|Rhythm of Conversation --- RichardGabriel Nov 2001
. . . you are laying out the design principles for a textual electronic communication system and desire to make the most congenial system you can for the type of use it will be put to . . .
* * *Different conversations have different rhythms. Sometimes the exchange is slow, with time to think between each reply and a desire to carefully consider each letter and its appropriate reply. Other times the exchange is fast and furious, with ideas sent as fast as possible, perhaps for the purpose of getting quick action, deciding a relatively unimportant matter, or to have a fun, fast exchange.
It is easy to accidentally discourage the natural rhythm of the conversation by offering or emphasizing inappropriate behavior and interfaces.

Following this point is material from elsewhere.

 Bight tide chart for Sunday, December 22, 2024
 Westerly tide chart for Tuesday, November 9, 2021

For example, in a communications system that assists fastpaced conversations, it is useful to have aggressive auto-completion, spell-checking and spelling correction, a palette of emoticons or other special abbreviations---in a fast exchange, these can both speed up and enhance the quality of the message. In a slow-paced conversation, the writer is interested in reflection and in creating a good-looking, well written letter. In such a situation, having indicators popping up displaying mistakes or auto-completing are distracting and therefore discourage the natural rhythm and frustrate the writer. In fact, in such cases tools for checking things like spelling should wait in the wings until the writer is ready for them rather than intruding on the process.

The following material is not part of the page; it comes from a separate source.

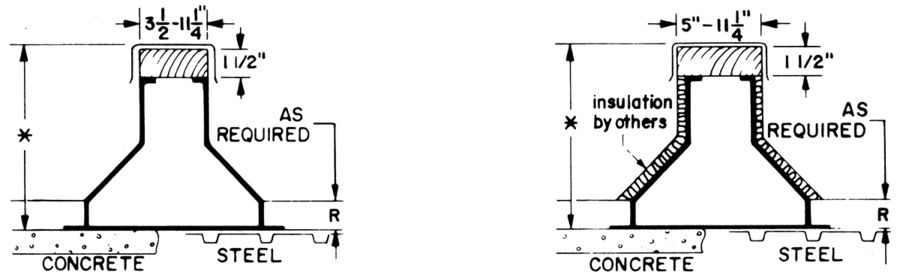 ER-4A Dimensional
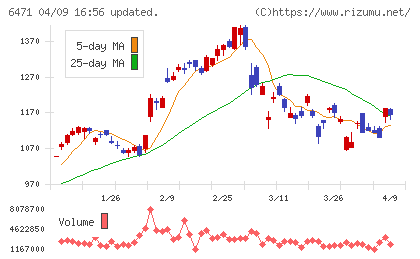 日本精工チャート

Another example is the use of pen and paper. In such communications, the physicality of interaction forms part of the rhythm of conversation---the act of moving a pen on a scratchy piece of paper reinforces the intimate and delicate human-to-human nature of the conversation. The physical motion requires more time and encourages thought before writing, as does the difficulty and ugliness of trying to erase ink. In this case, the deliberate difficulty of using the mechanism of interaction encourages a welcomed rhythm.

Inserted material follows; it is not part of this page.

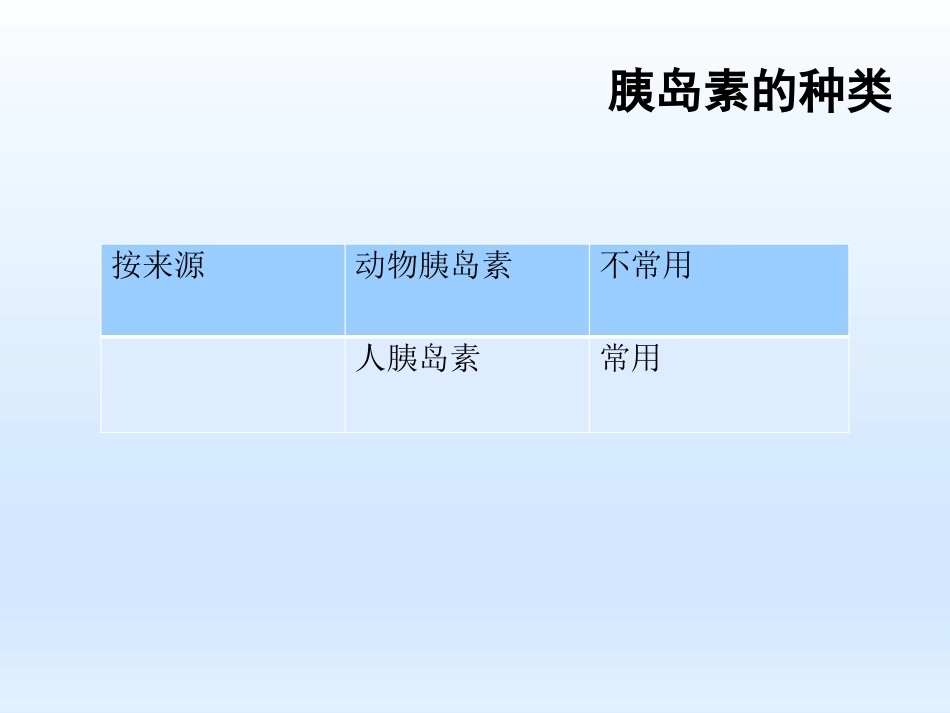 妊娠期糖尿病胰岛素治疗_第8页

Some conversations are specialized enough---such as calendaring---that non-local conversations about when and where to meet are best mediated through specialized programs that handle such conversations.
Different software should be available that is suitable to the style of conversation. Do not force a slow-paced letter writer to suffer from auto-completion or spelling correction while he or she is typing: Doing so distracts the writer from thinking about the message. Provide fast-paced messagers facilities to communicate quickly with as few impediments as possible; in fact, try to provide shortcuts to try to assist the writer in getting the message across rapidly. Also be aware of the intrusiveness of the message delivery system, so that people awaiting a quick turnaround are sought by the system while those waiting for a slowly written letter are interrupted when they might be working or resting.
* * *Physical mail requires the recipient to visit a mailbox or post office. Physical mail is inherently a slow-paced medium, and so the slow pace is part of the experience of the exchange. When an email program detects or is informed that the user is writing a deliberate letter, it may make sense for the email program to suspend intrusive attention-grabbing behavior, while in the opposite case where a quick exchange is underway, notifications and the like would be welcome and should be enabled, either automatically or easily.